Ergin noted in another tweet that “You can access it via System Preferences>Users & Groups>Click the lock to make changes. Then use ‘root' with no password.”

“The MacOS High Sierra vulnerability is alarming because it makes it seamless for someone to log into a system as root. While there are other methods that can provide bad actors with access and password reset capabilities via physical access, these require some technical knowledge and time,” said JASK Director of Cybersecurity Rod Soto, who has tested and verified the flaw. “The severity of this is how simple and quick anyone can execute the method and log in to reset and access user information even if their passwords are complicated.”

Once in, bad actors could “also install backdoors and disable any other protections on the device,” Soto said.

However, he noted, “it is expected that every corporate department that issues these types of devices would add passwords to root accounts as standard operating procedure.”

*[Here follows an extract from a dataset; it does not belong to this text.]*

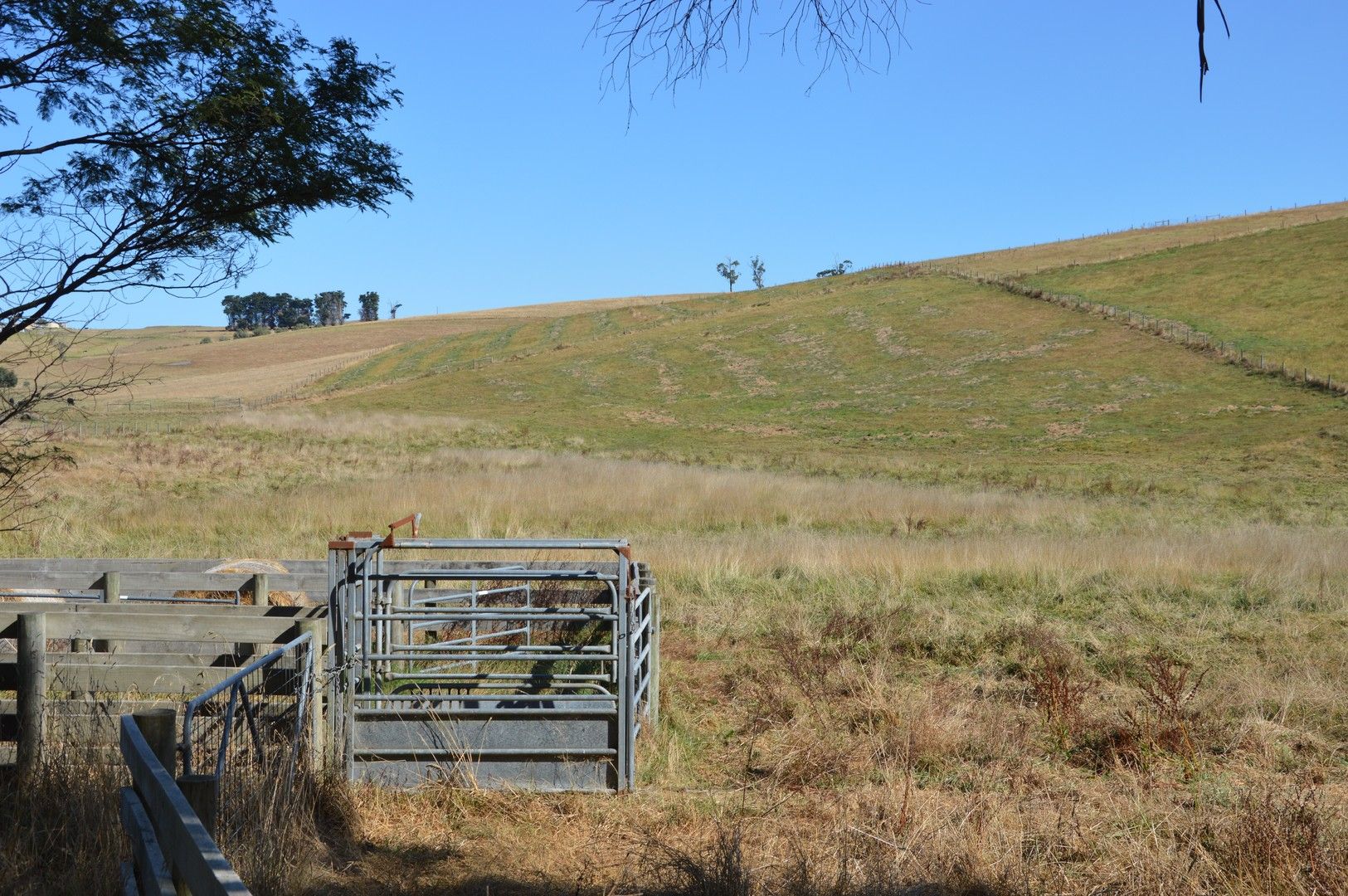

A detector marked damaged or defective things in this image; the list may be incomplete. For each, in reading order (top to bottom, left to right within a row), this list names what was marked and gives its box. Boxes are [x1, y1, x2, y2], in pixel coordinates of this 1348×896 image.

“This incident is a good reminder that system admins need to be prepared for worst-case scenarios by layering multiple digital security systems,” said Mike Buckbee, security engineer at Varonis.

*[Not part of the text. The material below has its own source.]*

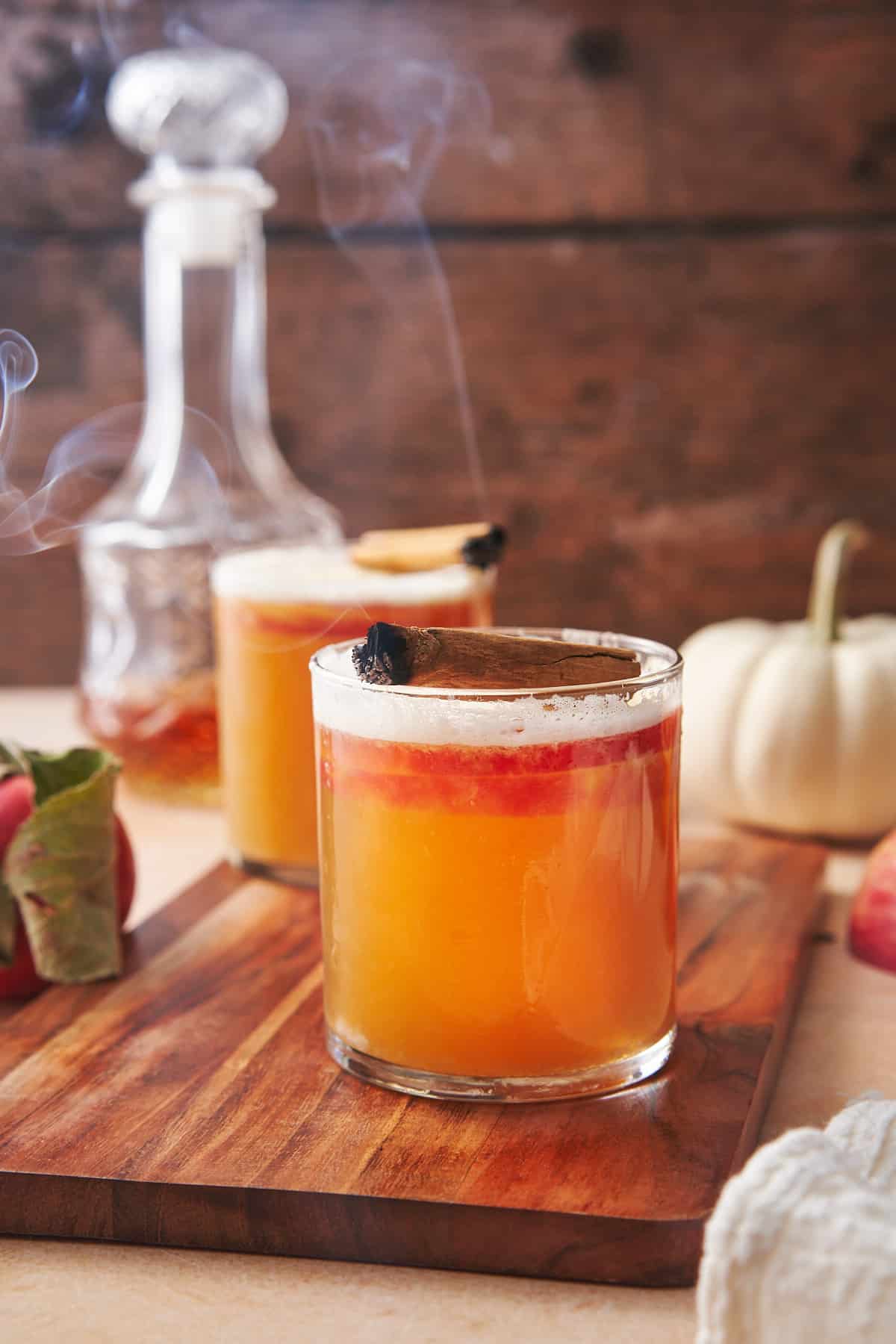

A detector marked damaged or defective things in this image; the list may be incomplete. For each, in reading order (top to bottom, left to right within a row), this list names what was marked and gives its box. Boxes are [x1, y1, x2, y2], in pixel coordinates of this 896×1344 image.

burnt cinnamon stick tip [349, 626, 636, 693]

“Modern computing is built up with layers upon layers of different interacting software systems,” said Buckbee. “With so many interactions, this virtually guarantees that serious vulnerabilities are going to be present.”

Even with massive efforts to QA and harden systems”  inevitably  “something, somewhere is going to be missed,” he said. “For an enterprise to be secure it can't focus solely on the systems and vulnerabilities, but needs to look at the behavior of accounts, traffic and data on individual computing devices and the network.”

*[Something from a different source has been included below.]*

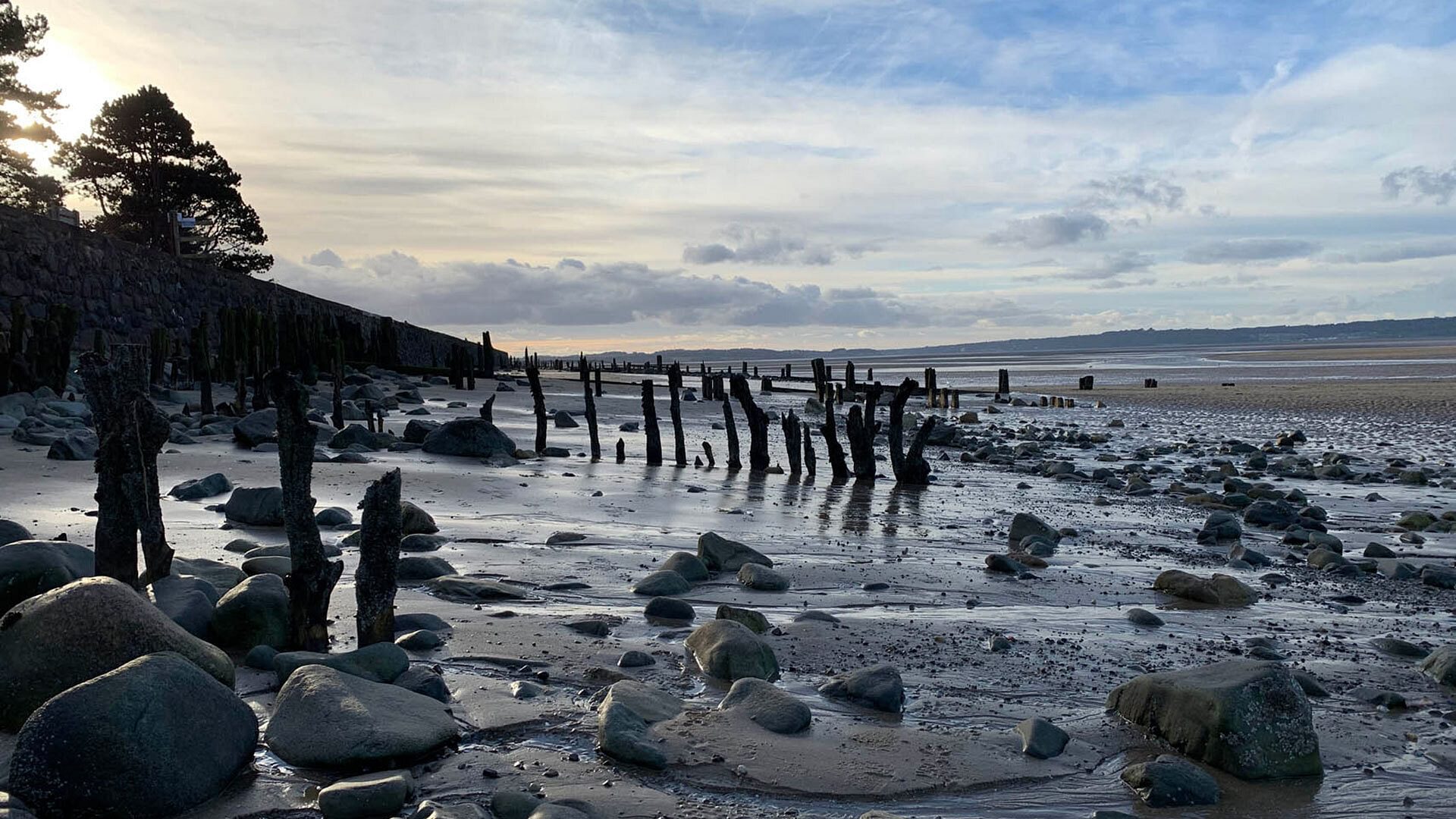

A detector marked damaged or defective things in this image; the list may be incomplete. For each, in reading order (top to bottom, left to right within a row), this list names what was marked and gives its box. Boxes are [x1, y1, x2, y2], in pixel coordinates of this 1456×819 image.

broken post stump [352, 466, 399, 644]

Buckbee said the flaw also underscored the threat that physical access poses. “If left for just a few moments in the wrong hands, your device could easily be compromised,” he said.

Pete Turner, Consumer Security Expert at Avast said on the issue: “The lesson to learn here is that Macs are not magic. Their code is written by humans, they are used by humans and humans make mistakes. Setting a root password to prevent unauthorised access is sound advice. But an important takeaway from this issue should be that Macs aren't immune to systems vulnerabilities. Just like other systems, Macs need strong passwords and a good anti-virus to secure their data. Users can't afford to take security for granted. They need to be increasingly aware of risks like adware, malicious websites and phishing.

"Between January and November 2017, we blocked over 250 million malware threats aimed at our Mac customers. The most common type of malware attacking Macs is adware, which covers 17 percent (or 41 million detections) of these Mac threats. These insidious programs can affect your system in a number of ways, like sneaking suspicious files into your system, redirecting your web searches, and—of course—flooding you with ads".